=== TASK ITEM ===
Repeat, word for word, every line from the line holding "Deluxe Collection (I" through the final line of the entries below. Skip all pictures.

=== SUPPLIED RECORDS ===
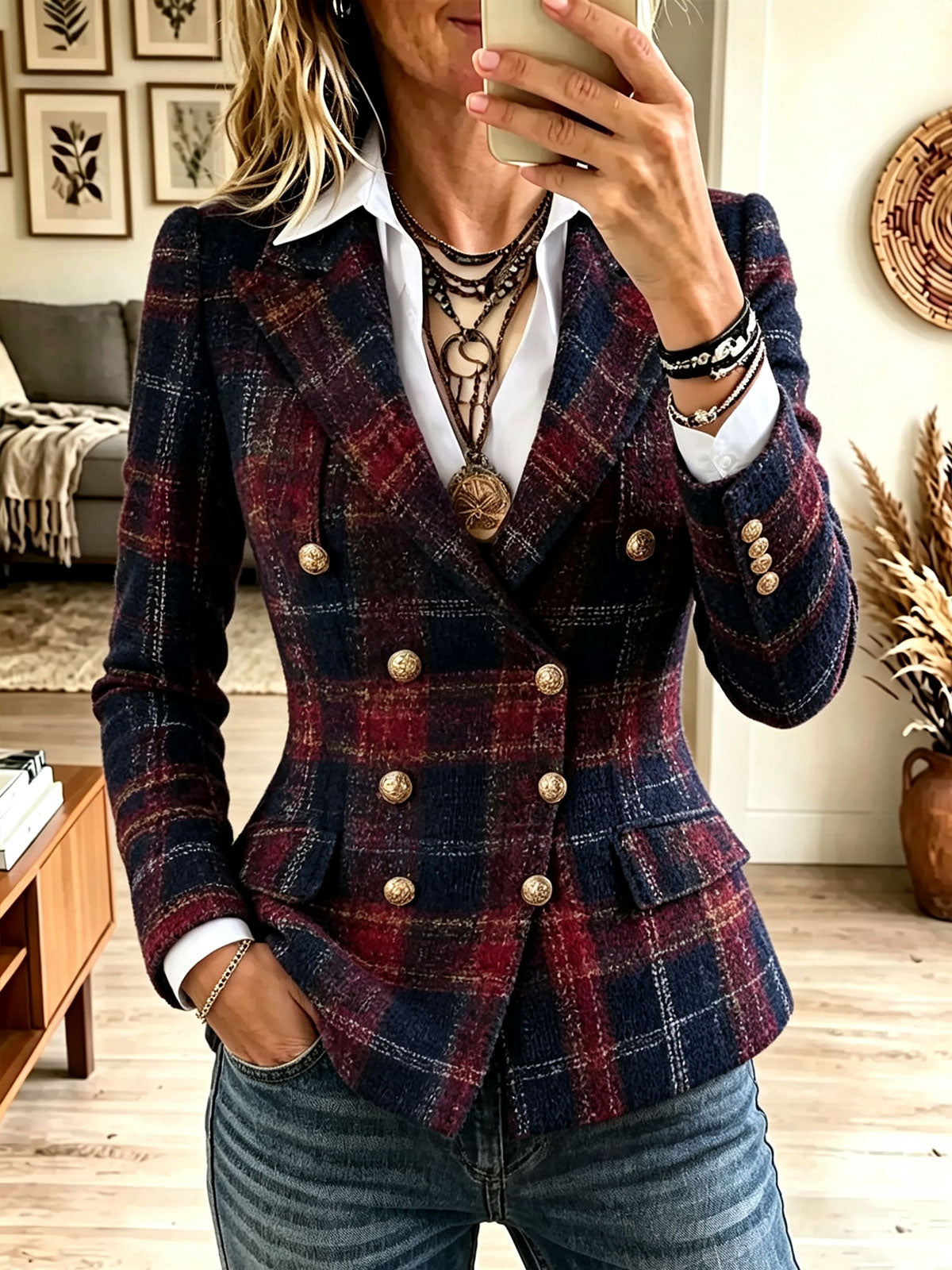Women Plaid Double Breasted Slim Fit Tweed Blazer Jacket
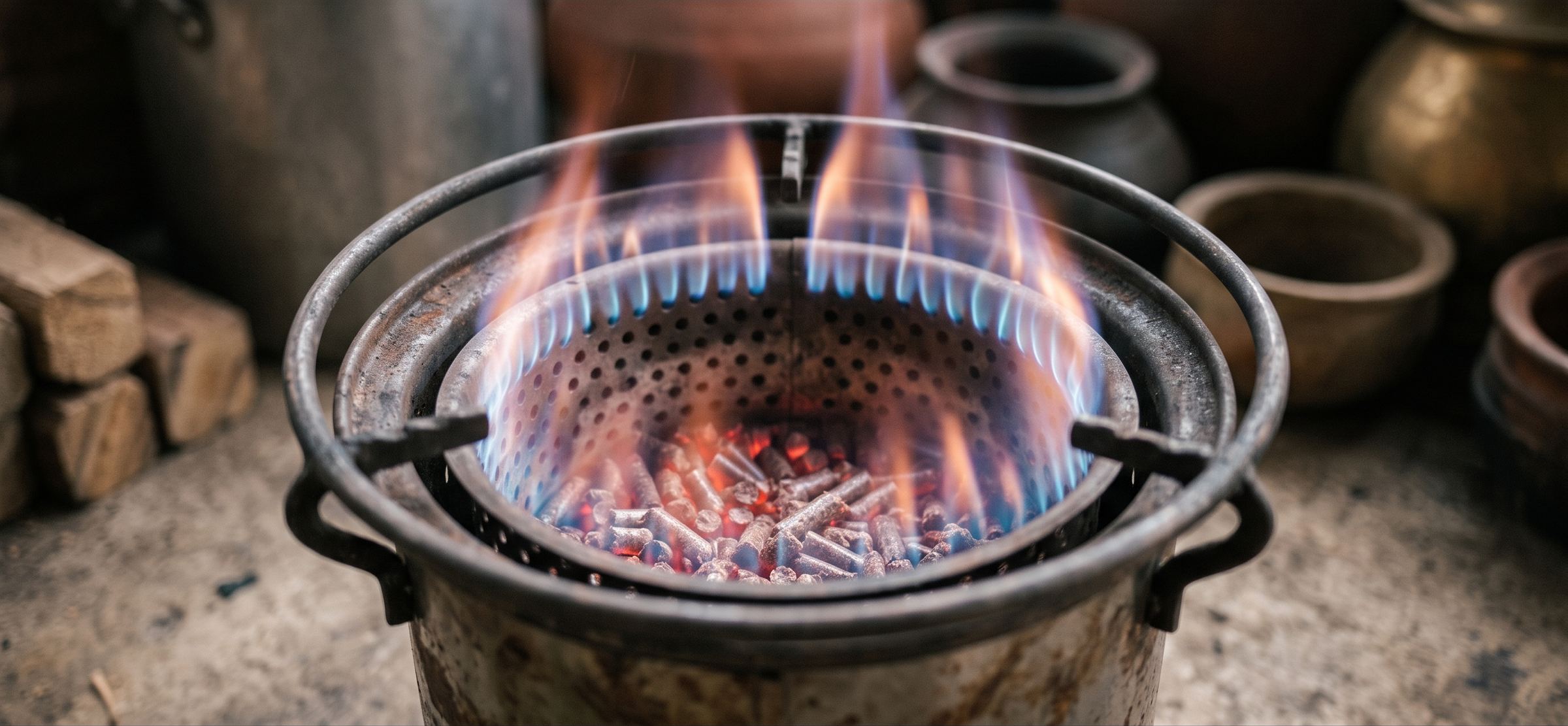 Illustration: a lit gasifier cookstove, clean blue-and-orange flame ringing the top of the chamber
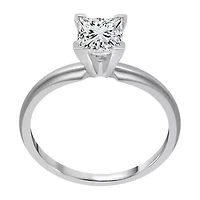 Deluxe Collection (I / I2) Womens 1 CT. Genuine White Diamond 14K White Gold Solitaire Engagement Ring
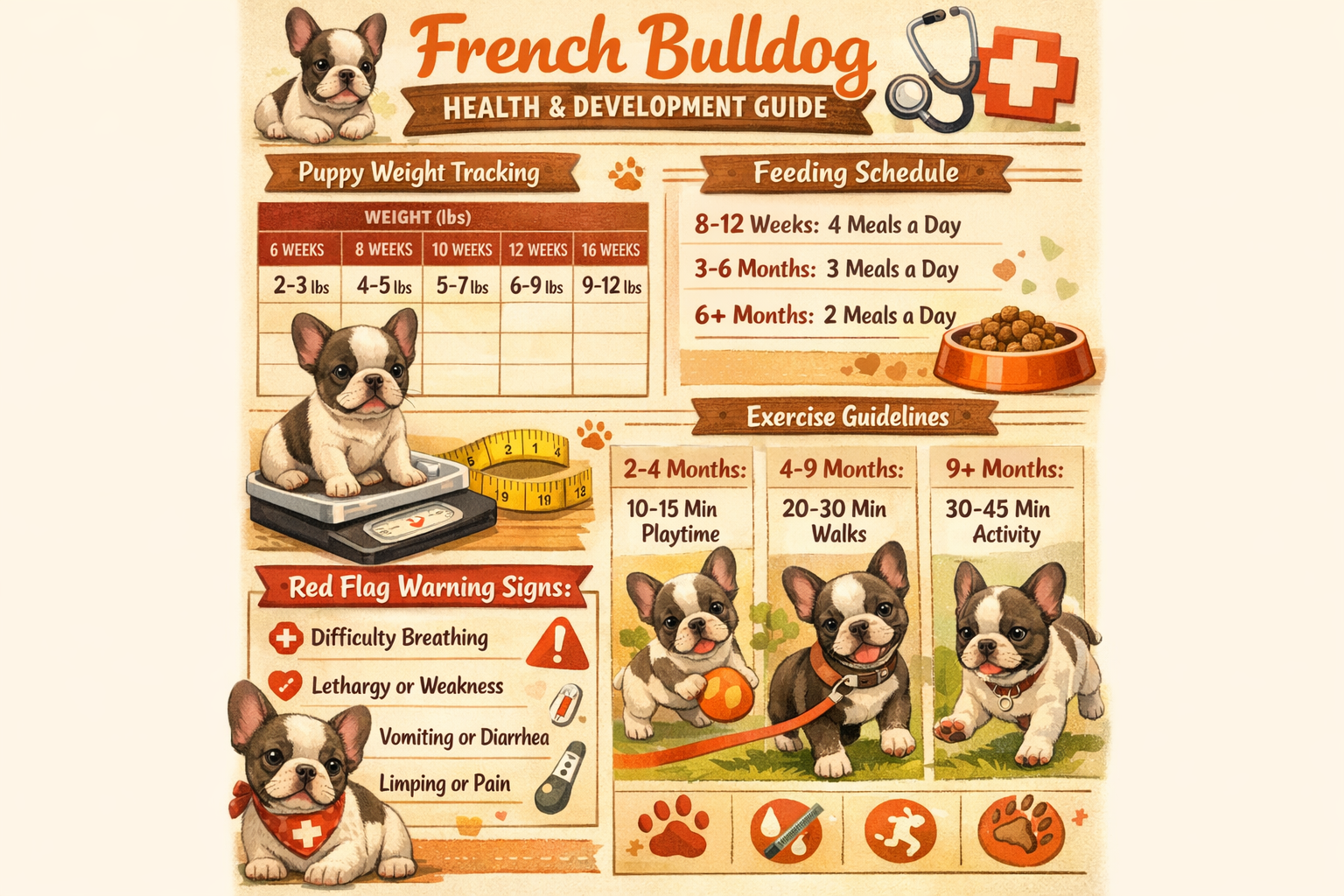 Portrait format (1024x1536) comprehensive French Bulldog health and development monitoring guide. Visual checklist featuring puppy weight tr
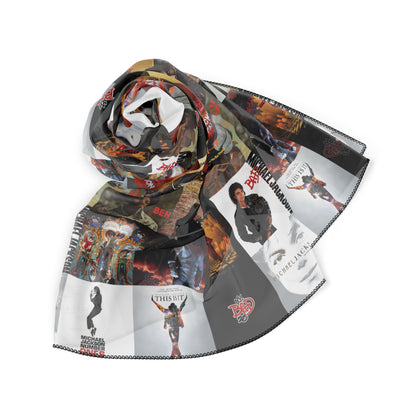 Michael Jackson Album Cover Collage Poly Scarf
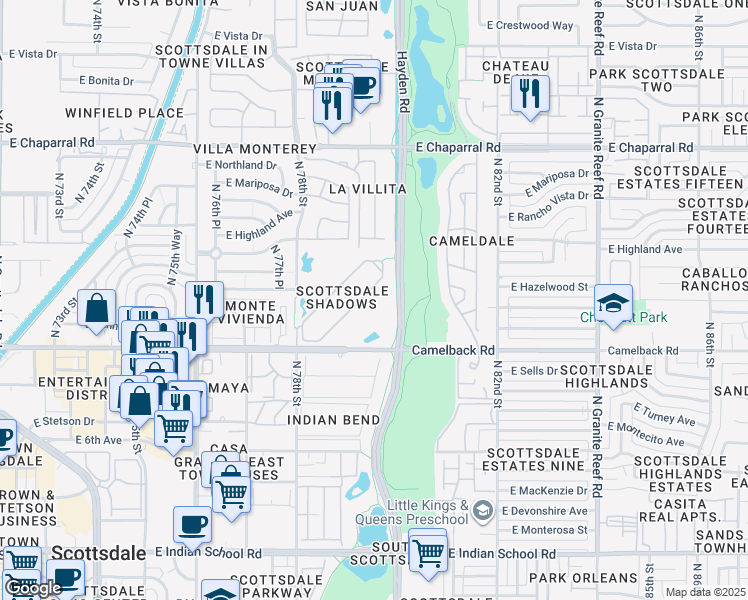map of restaurants, bars, coffee shops, grocery stores, and more near 7960 East Camelback Road in Scottsdale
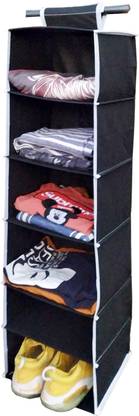 I Se U 6 Shelf Fabric Wardrobe Cloth Hanging Organizer with Strap-Pack Of 1 Hanging Closet Organizer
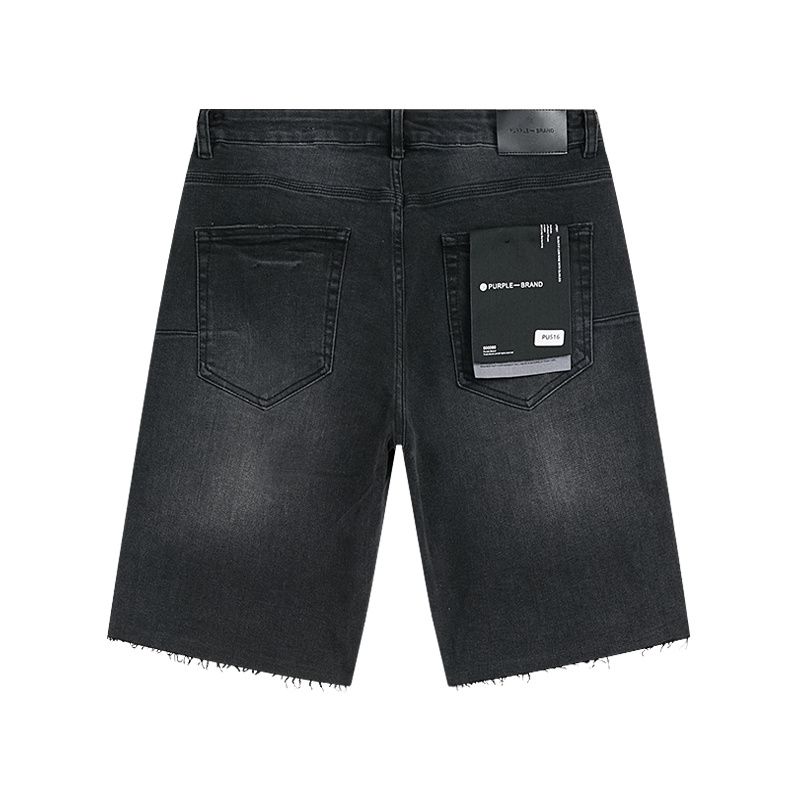Purple Brand Letter Print Denim Shorts Black PU516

=== SOLVED PROBLEM ===
 Deluxe Collection (I / I2) Womens 1 CT. Genuine White Diamond 14K White Gold Solitaire Engagement Ring
 Portrait format (1024x1536) comprehensive French Bulldog health and development monitoring guide. Visual checklist featuring puppy weight tr
 Michael Jackson Album Cover Collage Poly Scarf
map of restaurants, bars, coffee shops, grocery stores, and more near 7960 East Camelback Road in Scottsdale
 I Se U 6 Shelf Fabric Wardrobe Cloth Hanging Organizer with Strap-Pack Of 1 Hanging Closet Organizer
Purple Brand Letter Print Denim Shorts Black PU516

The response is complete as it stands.